Cheyenne Ruby, MSN, RN, NPD-BC, director, Magnet® program (left): I actually did clinical rotations in nursing school at Methodist Dallas. I was required to do at least one shift with a charge nurse, so I asked my director who she would recommend, and she said, “Kelly Finney is an excellent charge nurse, and you should follow her.” So I did.

Kelly Finney, BSN, RN, MEDSURG-BC, nurse manager, progressive care unit: transplant and advanced surgery (center): I started 15 years ago at Methodist Dallas as a nurse resident (we called them interns back then) in the transplant, nephrology, and hepatology unit. I worked as a staff nurse, charge nurse, house supervisor, and then nurse manager, which I’ve been for five years.

Nora Billodeaux, DNP, MEDSURG-BC, NPD-BC, nurse manager, urology and general medical-surgical (right): I started in 2013 as an intern (now called nurse resident). I was a staff nurse, then a charge nurse, and then a house supervisor, who basically has oversight and responsibility for staffing the department. After I got my master’s degree, I accepted a position as a medical-surgical educator in 2019. While in that role, I later went back to school for a doctorate in nursing practice with a concentration in healthcare systems leadership. Within the last two months, I have become a nurse manager.

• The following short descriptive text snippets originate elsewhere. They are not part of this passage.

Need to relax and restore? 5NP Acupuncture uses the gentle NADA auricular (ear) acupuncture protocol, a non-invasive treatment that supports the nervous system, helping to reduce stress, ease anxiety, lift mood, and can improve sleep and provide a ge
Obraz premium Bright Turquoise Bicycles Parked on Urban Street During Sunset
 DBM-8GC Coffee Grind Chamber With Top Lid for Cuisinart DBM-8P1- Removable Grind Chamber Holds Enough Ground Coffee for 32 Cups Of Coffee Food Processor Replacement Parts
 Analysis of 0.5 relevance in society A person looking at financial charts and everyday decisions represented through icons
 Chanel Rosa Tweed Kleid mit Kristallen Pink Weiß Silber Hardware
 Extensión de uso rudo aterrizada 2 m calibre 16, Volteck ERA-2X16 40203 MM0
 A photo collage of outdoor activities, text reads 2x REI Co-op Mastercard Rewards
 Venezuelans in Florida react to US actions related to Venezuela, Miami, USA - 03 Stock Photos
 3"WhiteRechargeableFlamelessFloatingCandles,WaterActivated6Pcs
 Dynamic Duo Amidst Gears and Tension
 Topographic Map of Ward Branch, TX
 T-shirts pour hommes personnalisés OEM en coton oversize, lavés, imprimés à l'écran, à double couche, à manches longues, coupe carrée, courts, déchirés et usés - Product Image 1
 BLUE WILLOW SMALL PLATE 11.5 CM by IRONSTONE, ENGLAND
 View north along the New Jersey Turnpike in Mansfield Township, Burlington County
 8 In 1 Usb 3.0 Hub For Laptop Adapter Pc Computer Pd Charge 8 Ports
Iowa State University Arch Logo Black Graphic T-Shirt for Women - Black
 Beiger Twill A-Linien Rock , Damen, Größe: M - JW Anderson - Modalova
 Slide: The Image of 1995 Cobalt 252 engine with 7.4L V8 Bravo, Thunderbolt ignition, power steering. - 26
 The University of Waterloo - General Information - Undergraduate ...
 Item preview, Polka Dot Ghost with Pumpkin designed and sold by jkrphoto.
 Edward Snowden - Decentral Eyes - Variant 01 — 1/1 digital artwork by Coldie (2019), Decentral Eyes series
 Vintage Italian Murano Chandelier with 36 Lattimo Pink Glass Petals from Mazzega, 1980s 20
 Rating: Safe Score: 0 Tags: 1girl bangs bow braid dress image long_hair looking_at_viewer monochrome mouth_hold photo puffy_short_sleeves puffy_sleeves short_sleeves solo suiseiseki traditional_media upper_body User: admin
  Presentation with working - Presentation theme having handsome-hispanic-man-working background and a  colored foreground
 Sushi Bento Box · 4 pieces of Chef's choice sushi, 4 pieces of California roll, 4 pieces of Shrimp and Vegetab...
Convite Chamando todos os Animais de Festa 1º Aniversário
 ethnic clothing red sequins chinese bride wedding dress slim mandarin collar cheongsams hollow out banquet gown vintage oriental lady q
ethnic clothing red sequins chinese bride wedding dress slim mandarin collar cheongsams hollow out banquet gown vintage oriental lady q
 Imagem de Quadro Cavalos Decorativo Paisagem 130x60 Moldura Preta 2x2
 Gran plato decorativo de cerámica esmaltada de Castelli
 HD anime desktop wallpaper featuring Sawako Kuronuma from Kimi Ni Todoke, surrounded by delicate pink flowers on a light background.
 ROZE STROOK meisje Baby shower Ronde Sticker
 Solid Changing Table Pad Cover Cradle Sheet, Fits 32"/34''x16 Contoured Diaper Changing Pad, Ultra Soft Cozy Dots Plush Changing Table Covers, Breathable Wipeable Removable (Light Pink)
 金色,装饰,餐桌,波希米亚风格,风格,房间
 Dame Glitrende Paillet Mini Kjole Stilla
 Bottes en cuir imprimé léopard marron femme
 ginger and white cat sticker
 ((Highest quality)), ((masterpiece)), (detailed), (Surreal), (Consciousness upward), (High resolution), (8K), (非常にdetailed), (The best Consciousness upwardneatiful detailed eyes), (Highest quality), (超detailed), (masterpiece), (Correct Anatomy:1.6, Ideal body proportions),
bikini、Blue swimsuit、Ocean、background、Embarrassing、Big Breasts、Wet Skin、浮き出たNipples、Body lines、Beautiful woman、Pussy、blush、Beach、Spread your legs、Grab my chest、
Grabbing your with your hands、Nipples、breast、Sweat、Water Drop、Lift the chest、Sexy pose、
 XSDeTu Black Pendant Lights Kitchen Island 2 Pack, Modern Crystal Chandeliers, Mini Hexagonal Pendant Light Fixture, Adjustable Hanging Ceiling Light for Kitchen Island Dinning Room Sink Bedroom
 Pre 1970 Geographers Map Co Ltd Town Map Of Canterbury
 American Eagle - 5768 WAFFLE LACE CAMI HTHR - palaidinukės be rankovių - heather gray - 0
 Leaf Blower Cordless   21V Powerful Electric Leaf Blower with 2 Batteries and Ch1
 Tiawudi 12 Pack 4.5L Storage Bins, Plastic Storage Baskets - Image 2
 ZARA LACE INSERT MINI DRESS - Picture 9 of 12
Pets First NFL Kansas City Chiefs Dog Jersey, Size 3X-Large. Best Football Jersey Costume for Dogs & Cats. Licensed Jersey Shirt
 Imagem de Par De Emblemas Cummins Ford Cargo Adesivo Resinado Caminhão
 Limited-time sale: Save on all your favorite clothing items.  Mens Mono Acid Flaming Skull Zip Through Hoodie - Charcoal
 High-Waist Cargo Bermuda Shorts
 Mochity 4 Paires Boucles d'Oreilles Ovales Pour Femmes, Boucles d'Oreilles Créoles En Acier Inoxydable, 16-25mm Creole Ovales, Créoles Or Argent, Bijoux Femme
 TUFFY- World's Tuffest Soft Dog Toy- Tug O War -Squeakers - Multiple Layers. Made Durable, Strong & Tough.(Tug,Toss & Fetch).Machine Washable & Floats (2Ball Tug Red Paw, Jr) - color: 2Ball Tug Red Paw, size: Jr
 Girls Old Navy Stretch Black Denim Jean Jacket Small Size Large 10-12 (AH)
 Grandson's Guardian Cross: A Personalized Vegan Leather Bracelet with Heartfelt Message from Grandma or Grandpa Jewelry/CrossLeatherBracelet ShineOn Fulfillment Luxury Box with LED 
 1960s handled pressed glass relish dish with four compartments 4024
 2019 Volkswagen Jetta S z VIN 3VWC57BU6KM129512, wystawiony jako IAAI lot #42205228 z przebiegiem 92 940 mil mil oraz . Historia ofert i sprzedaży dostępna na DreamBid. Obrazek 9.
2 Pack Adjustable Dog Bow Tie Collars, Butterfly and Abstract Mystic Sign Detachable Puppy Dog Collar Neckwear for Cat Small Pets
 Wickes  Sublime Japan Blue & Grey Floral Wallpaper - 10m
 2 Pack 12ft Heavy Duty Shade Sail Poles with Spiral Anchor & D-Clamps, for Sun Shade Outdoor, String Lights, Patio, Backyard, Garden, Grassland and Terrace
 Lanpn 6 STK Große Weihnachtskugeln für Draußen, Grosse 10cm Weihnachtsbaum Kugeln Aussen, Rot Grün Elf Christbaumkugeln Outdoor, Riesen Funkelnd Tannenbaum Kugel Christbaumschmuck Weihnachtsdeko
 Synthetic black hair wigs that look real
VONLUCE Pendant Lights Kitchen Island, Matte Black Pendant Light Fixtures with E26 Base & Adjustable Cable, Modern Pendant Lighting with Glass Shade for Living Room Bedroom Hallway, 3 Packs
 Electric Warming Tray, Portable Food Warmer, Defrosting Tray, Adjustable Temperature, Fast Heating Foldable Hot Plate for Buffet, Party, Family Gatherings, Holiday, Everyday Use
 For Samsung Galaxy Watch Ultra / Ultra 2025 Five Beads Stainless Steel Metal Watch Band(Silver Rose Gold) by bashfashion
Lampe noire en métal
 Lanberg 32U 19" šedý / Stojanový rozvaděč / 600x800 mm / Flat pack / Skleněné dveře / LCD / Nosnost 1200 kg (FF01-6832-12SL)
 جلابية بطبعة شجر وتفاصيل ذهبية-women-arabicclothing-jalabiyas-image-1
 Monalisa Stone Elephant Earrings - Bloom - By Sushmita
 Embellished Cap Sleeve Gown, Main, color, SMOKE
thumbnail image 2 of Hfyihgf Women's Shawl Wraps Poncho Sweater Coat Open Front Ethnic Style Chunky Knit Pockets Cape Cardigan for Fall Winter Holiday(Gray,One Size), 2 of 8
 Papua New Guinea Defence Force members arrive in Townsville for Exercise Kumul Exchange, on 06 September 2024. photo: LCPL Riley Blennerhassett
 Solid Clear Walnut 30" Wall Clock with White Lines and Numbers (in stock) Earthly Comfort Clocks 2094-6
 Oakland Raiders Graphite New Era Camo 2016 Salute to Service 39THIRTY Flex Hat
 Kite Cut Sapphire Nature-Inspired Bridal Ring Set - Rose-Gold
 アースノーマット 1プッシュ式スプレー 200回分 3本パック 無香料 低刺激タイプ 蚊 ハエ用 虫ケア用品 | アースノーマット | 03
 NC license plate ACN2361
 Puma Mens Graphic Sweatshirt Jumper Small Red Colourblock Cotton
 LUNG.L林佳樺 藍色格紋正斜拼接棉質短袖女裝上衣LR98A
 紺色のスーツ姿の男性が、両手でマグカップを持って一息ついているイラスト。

Kelly: Let me interject here. Nora is a lifelong learner. She has multiple degrees, and she has definitely inspired me to do more. Now I am enrolled in a Master of Science in nursing administration.

Cheyenne: When I graduated, I took a nurse residency position. I did a variety of roles, and then I decided to go back to school and get my master’s degree. After that, an educator position opened up, which interested me, so I became an educatoA few years ago, the Department of Labor offered a huge grant program to develop apprenticeships in healthcare. We had been doing apprenticeships for years — we just called them residencies. So we applied for a grant and got it. We became the first registered apprenticeship for nurses in Dallas-Fort Worth! After that, an opportunity came up for a Magnet® program director, and I got the position. I’ve been in that role for two years.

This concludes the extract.